Work item -
Count up every line of the data in which "with" occurs. The reply is one number and nothing more.

Provided records -
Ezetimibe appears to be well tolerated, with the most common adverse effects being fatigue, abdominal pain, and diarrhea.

==

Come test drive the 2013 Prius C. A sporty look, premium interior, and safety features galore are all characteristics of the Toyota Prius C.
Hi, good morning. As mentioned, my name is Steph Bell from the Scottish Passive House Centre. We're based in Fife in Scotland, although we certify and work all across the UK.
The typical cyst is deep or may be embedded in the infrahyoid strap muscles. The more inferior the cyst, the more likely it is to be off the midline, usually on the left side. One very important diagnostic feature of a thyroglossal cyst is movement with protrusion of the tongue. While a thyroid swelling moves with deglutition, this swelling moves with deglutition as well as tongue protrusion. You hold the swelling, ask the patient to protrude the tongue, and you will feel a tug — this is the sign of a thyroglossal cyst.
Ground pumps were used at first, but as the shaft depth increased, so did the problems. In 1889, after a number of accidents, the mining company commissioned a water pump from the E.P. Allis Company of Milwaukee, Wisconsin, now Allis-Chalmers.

Reply to the task -
2